The Thin End often sources its photographs and images from freelance photographers who contribute to unsplash.com. Currently, they are marking the 57th anniversary of the March on Washington with a montage of amazing pictures.
With the help of the team at the Library of Congress and visual historian Jordan Lloyd, Unsplash has assembled a set of black and white images from the March, its leaders, and segregated America. The images are sourced from the Library of Congress, the US National Archives, and the Seattle Municipal Archives. Jordan Lloyd has painstakingly restored and recoloured the images in vivid detail to bring them back to life.
In these troubled times, with the need for Black Lives Matter, it is salutary that we seem to have made so little progress establishing equal opportunities and fairness in the judicial system.
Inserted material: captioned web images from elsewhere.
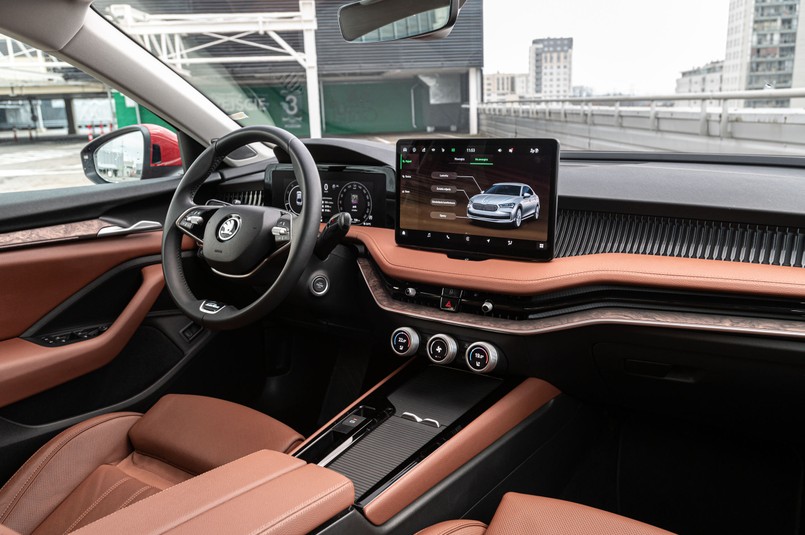 Skoda Superb Liftback 2.0 TDI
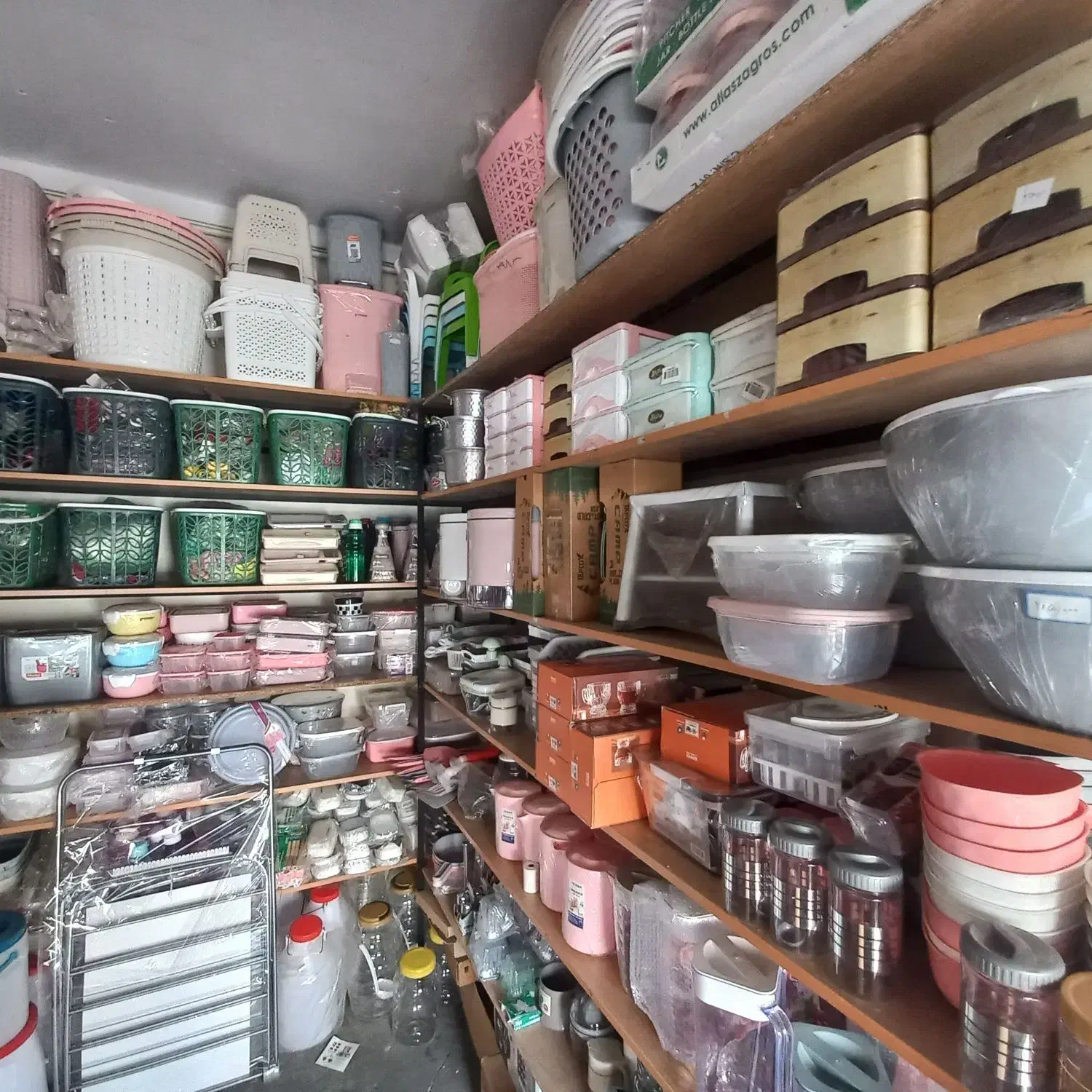 سلام وقت بخیر مغازه پلاستیک فروشی.|فروشگاه و مغازه|اقبالیه, |دیوار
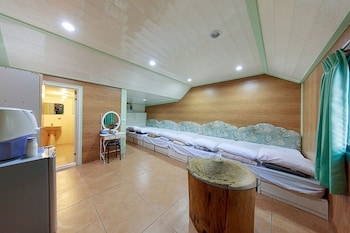 kenting dajianshan wilderness bungalow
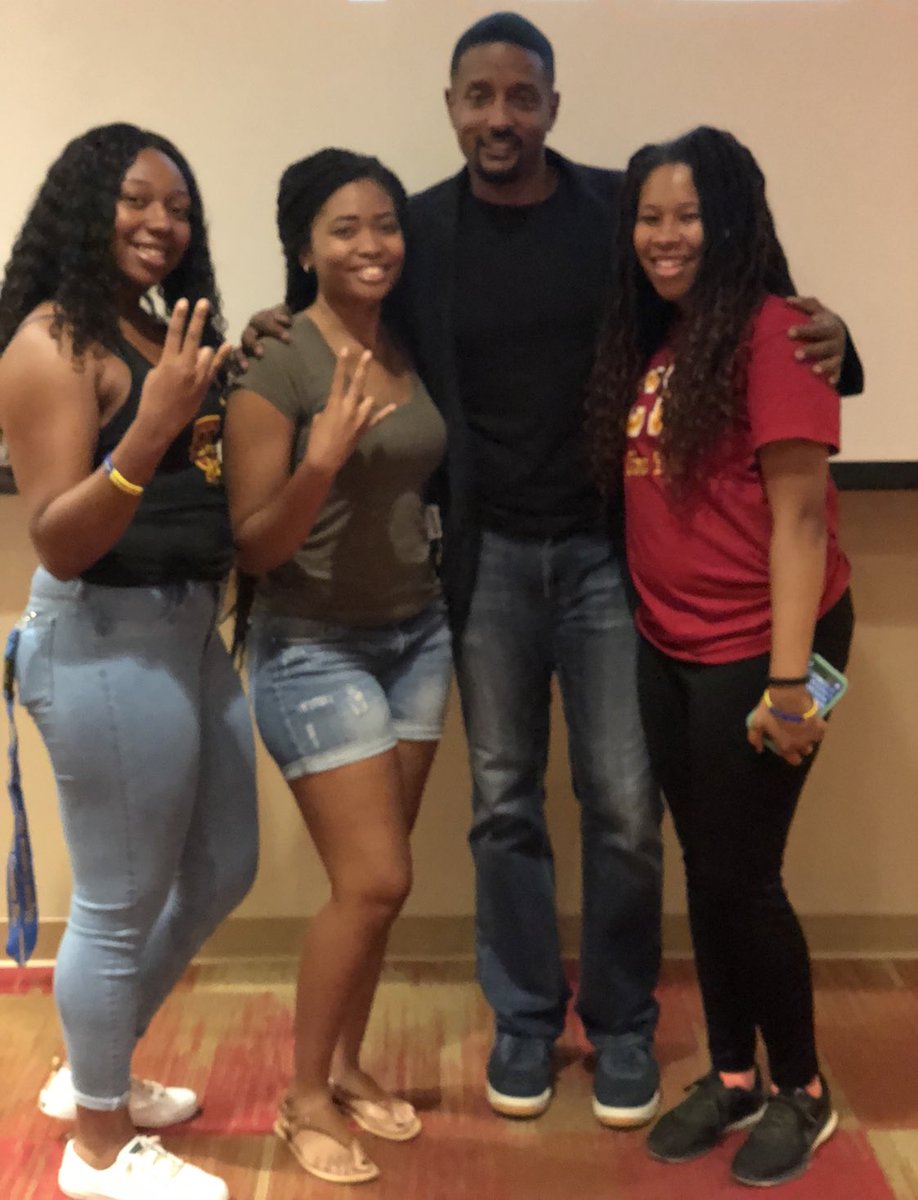 sheedyali's tweet photo. @TuskegeeUniv student leaders are LIT! Thx for an awesome day w #HInextlevel + #Hibootcamp Time to make moves....#Tuskegee #hbcu https://t.co/eFWzf7dD9K
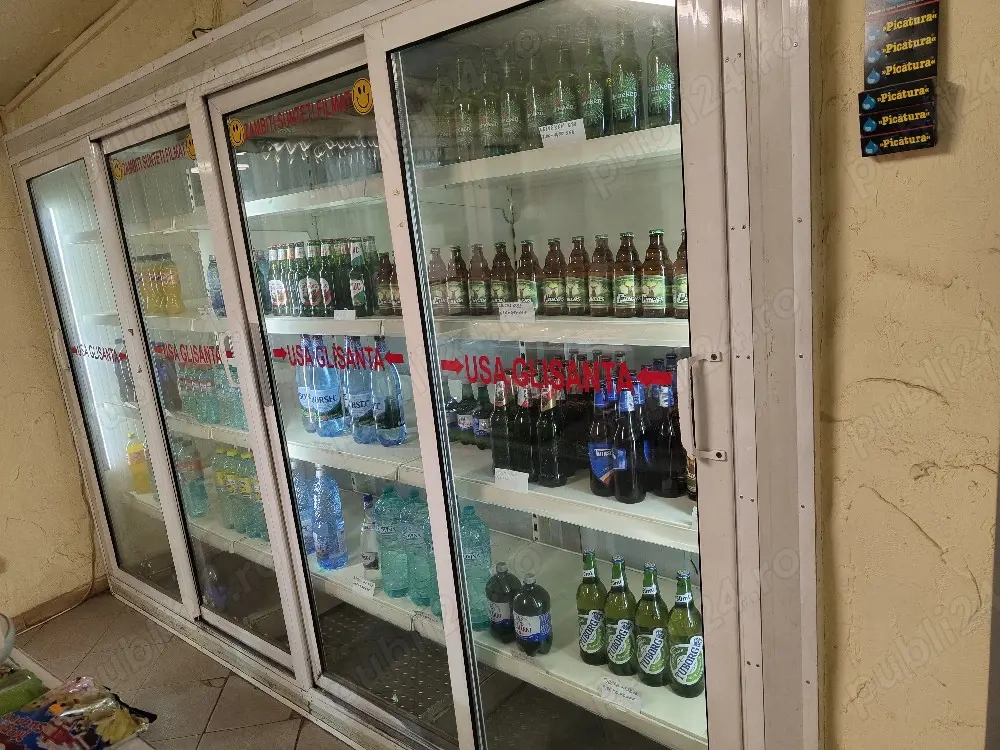 Vitrina frigorifica 4 uși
I have seen reposts from right-wing bigots that 'All lives matter'. Of course, they do, which is why we should be concerned with evident institutionalised racism. If all lives matter then so too do black lives. It is the height of hypocrisy for the right-wing to respond in this way. We need to understand history to learn from it.
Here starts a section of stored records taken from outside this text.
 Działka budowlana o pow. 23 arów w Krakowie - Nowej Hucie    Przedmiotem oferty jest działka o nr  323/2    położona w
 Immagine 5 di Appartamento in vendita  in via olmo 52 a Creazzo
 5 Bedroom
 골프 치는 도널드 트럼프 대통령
In the 1960s we marched for civil rights. All my life, I have witnessed the continued struggle across the globe. Let's hope we don't need another half-century to heal our divided communities.
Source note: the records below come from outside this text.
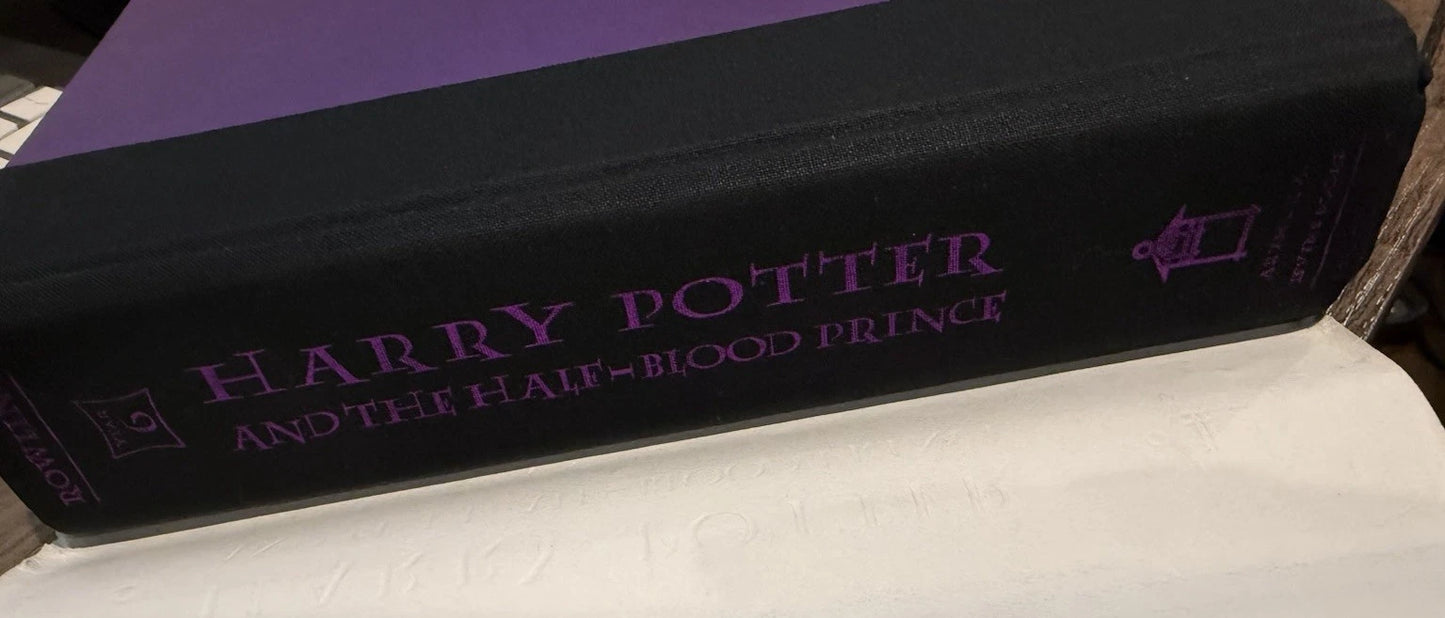 Daniel Radcliffe Signed Harry Potter The Half-Blood Prince Book. (IP)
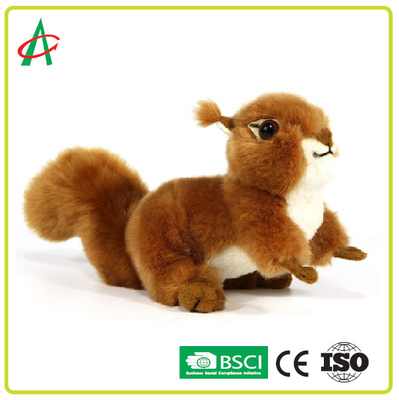 Peluche écureuil Angelber 20 cm avec queue en fourrure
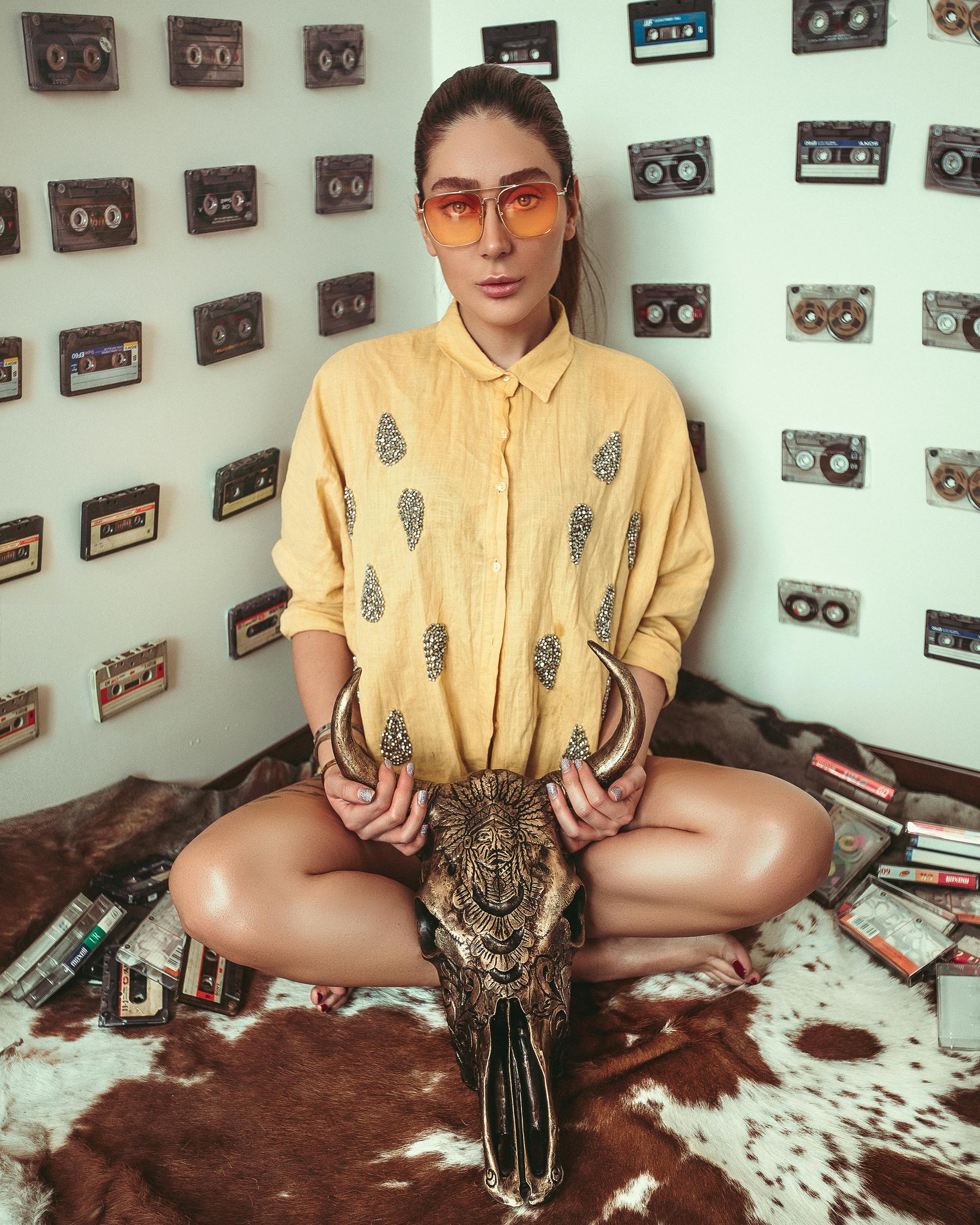 grátis Pessoa Usando Blusa Amarela De Manga Comprida Foto profissional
Here we use two of the images of Martin Luther King and Rosa Parks who inspired a movement for change. They had a dream. It needs to become a reality.
But let us also recall these words of Dr King
The limitation of riots, moral questions aside, is that they cannot win and their participants know it. Hence, rioting is not revolutionary but reactionary because it invites defeat. It involves an emotional catharsis, but it must be followed by a sense of futility.